(Excerpts from a dataset)
━━━━━━━━━━━━━━━━

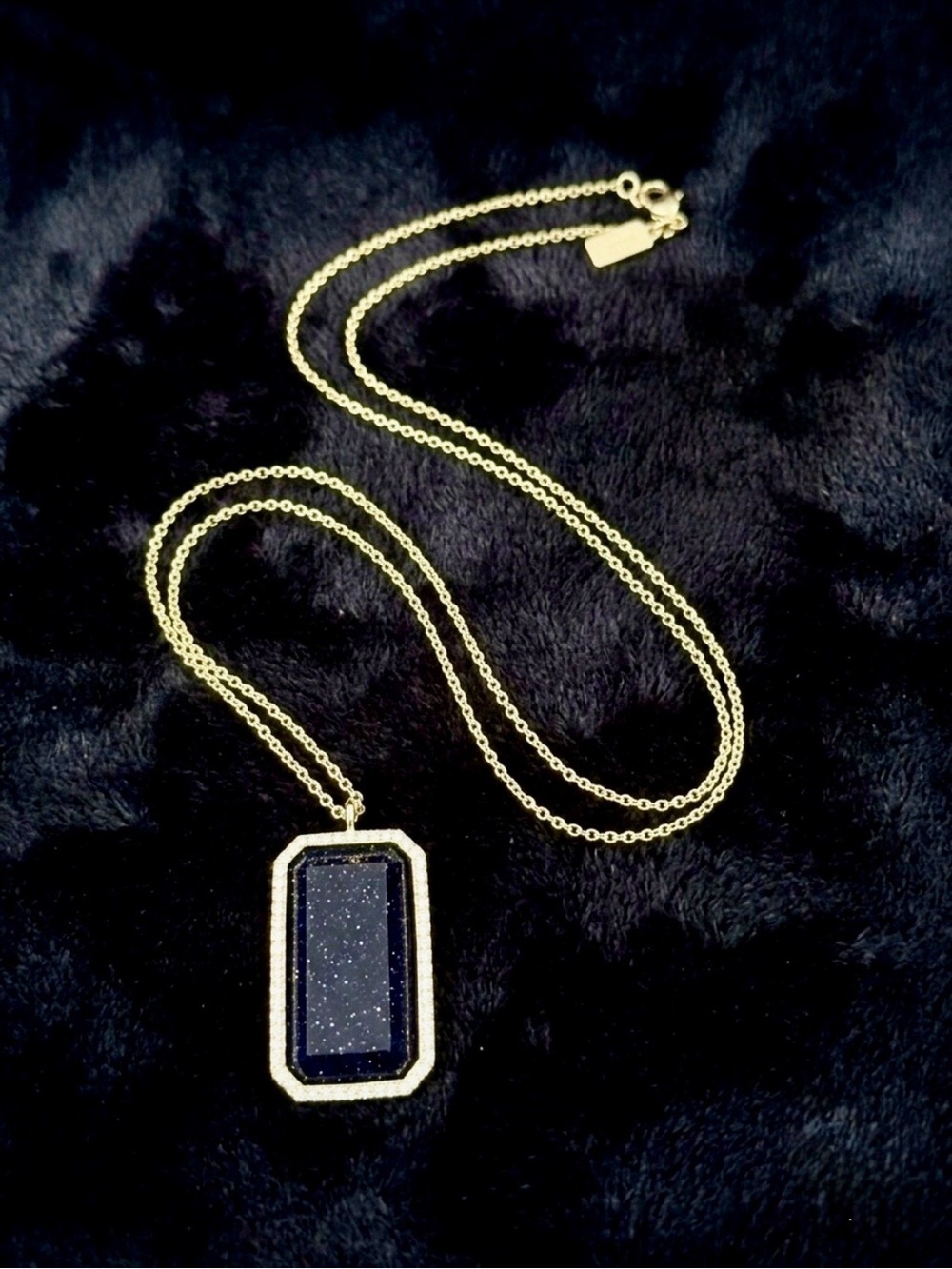 Kate Spade Necklace- Night Sky Jewels- Blue Goldstone Pendant (NWT)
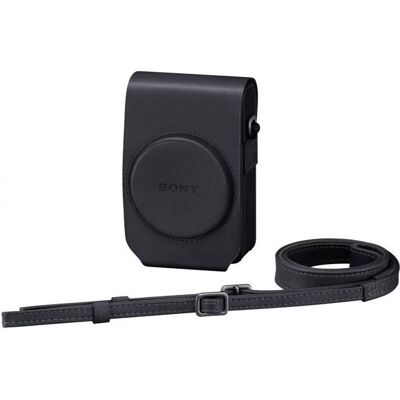 Sony LCSRXG - Étui en cuir pour RX100 - Noir - Publicité Sony LCSRXG - Étui en cuir pour RX100 - Noir - Publicité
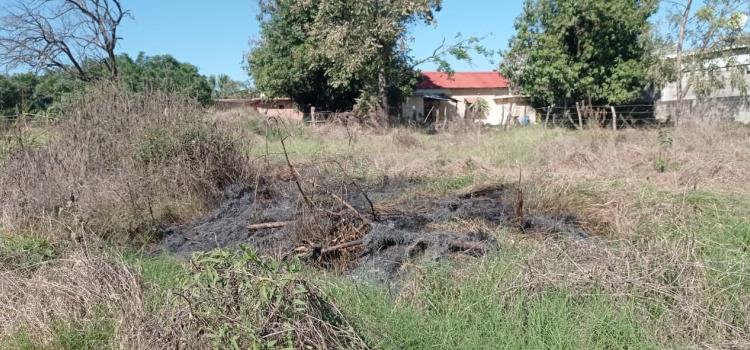 Niños causantes de incendios en predios 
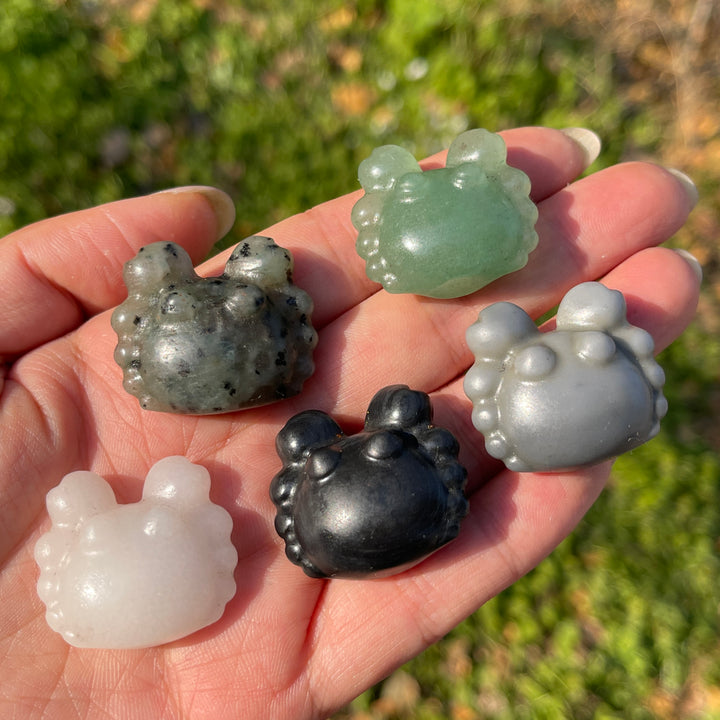 Natural Crystal Carving Mini Crab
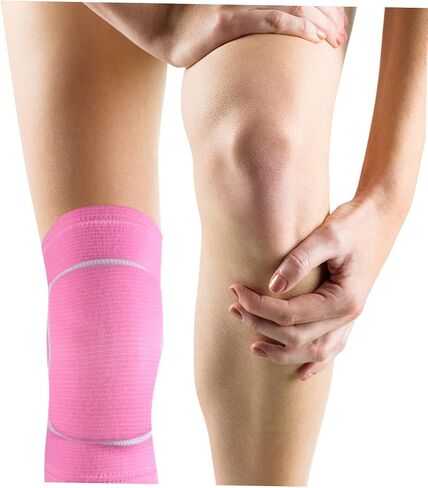 Sports Brace Protective Elastic Pads Sponge Knee Guards for Men Warm Padded Knee Sleeve Elastic Leg Brace in Saudi Arabia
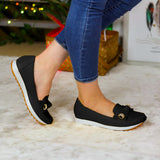 Zapatos Cerrados Con Detalle Sofisticado De Chongo Bajitos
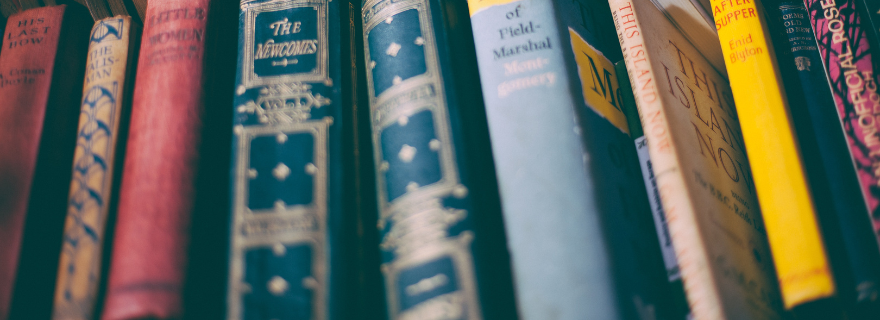 Book spines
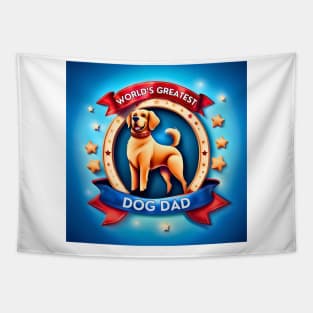 World’s Greatest Dog Dad Tapestry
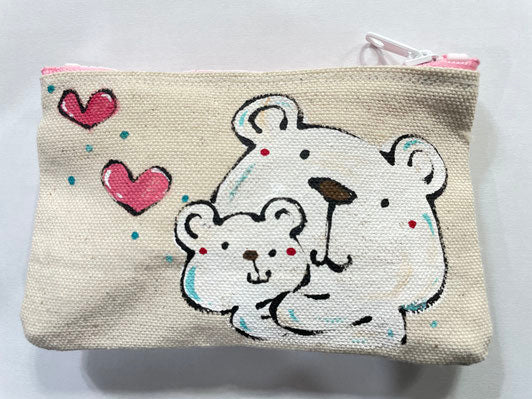 小物雑貨シロクマ親子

━━━━━━━━━━━━━━━━

*To do*: In the records above, find the line containing "Book spines". Reproduce it and every line after it through the last line, omitting pictures.

*Task response*:
 Book spines
 World’s Greatest Dog Dad Tapestry
 小物雑貨シロクマ親子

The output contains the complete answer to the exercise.